Transportando o mito para hoje, a política tarifária imposta pelos Estados Unidos da América a produtos brasileiros revela-se como um ato do Creso moderno, encarnado por Donald Trump. A confiança no poder econômico, alicerçado em largo período de hegemonia, o leva a crer que medidas protecionistas unilaterais são apenas mais uma expressão de força, sem risco de reação.
Todavia, os direitos culturais, ao expressarem a cultura nacional na sua dimensão simbólica do povo brasileiro, operam como poderosa arma da deusa Nêmesis dos tempos atuais.
Com efeito, a cultura brasileira, marcada pela diversidade, pela mestiçagem e por dinamismo próprio, tem se consolidado como patrimônio imaterial de alcance global. O samba, a bossa nova, o futebol, a literatura modernista e o cinema nacional transcendem as barreiras econômicas.
Ainda que o tarifaço limite o fluxo de mercadorias tangíveis, não pode aprisionar o simbólico da cultura. Ao contrário, quanto mais se ergue a barreira material, mais intensa tende a ser a circulação imaterial.
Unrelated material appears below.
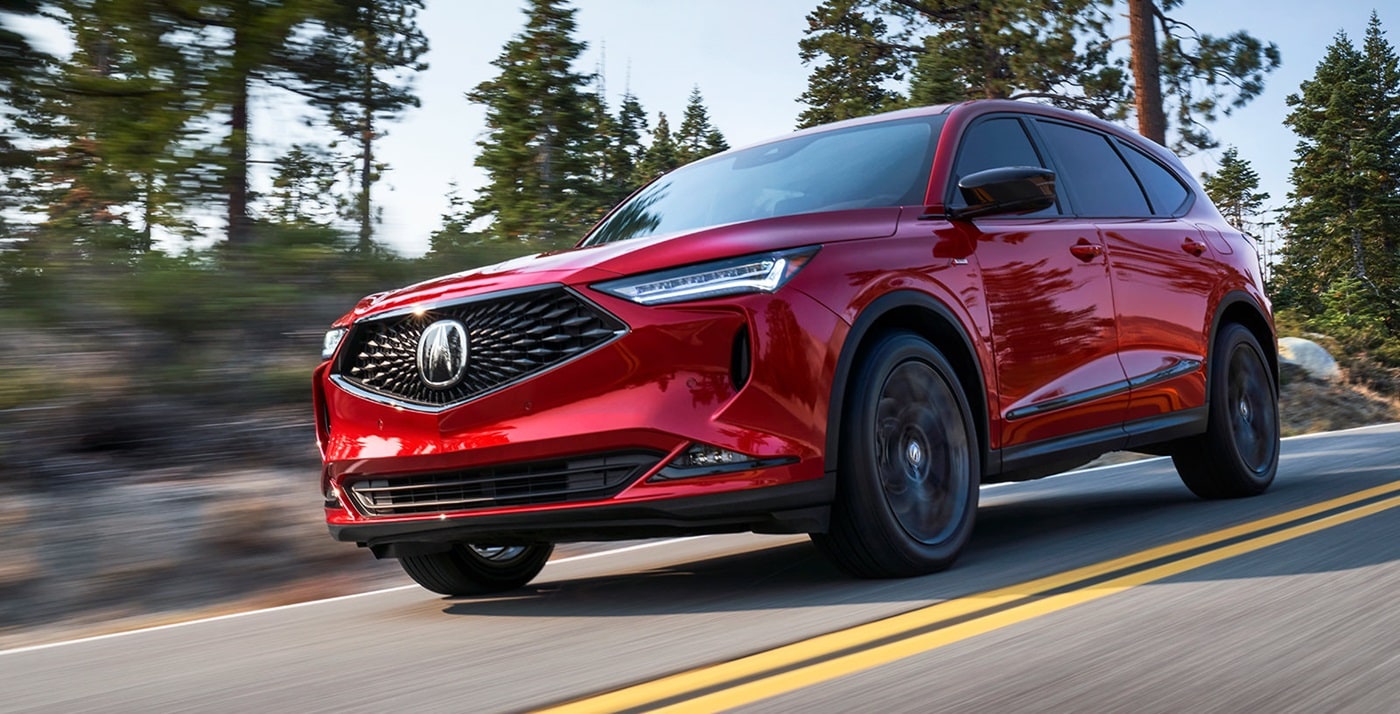 Acura MDX 2024 vs RDX 2024 en Chantilly, VA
Nesse sentido, a resposta da cultura nacional por meio do ordenamento jurídico ao isolacionismo econômico estadunidense deve ser dupla. No plano interno, mediante o fortalecimento da consciência de artistas, intelectuais e produtores culturais, com a reafirmação da potência criativa de um país que, apesar dos desafios sociais e políticos, insiste em afirmar as suas expressões culturais.
Já no externo, a cultura deve se pautar como soft power: criar vínculos, inspirações e diálogos que escapam ao controle de governos. Ainda que impeça aviões carregados de aço ou caminhões repletos de suco de laranja e café, nada consegue restringir a difusão de uma canção de Caetano Veloso, da obra de Clarice Lispector, do talentoso trabalho do cearense Karim Aïnouz e da interpretação de Wagner Moura.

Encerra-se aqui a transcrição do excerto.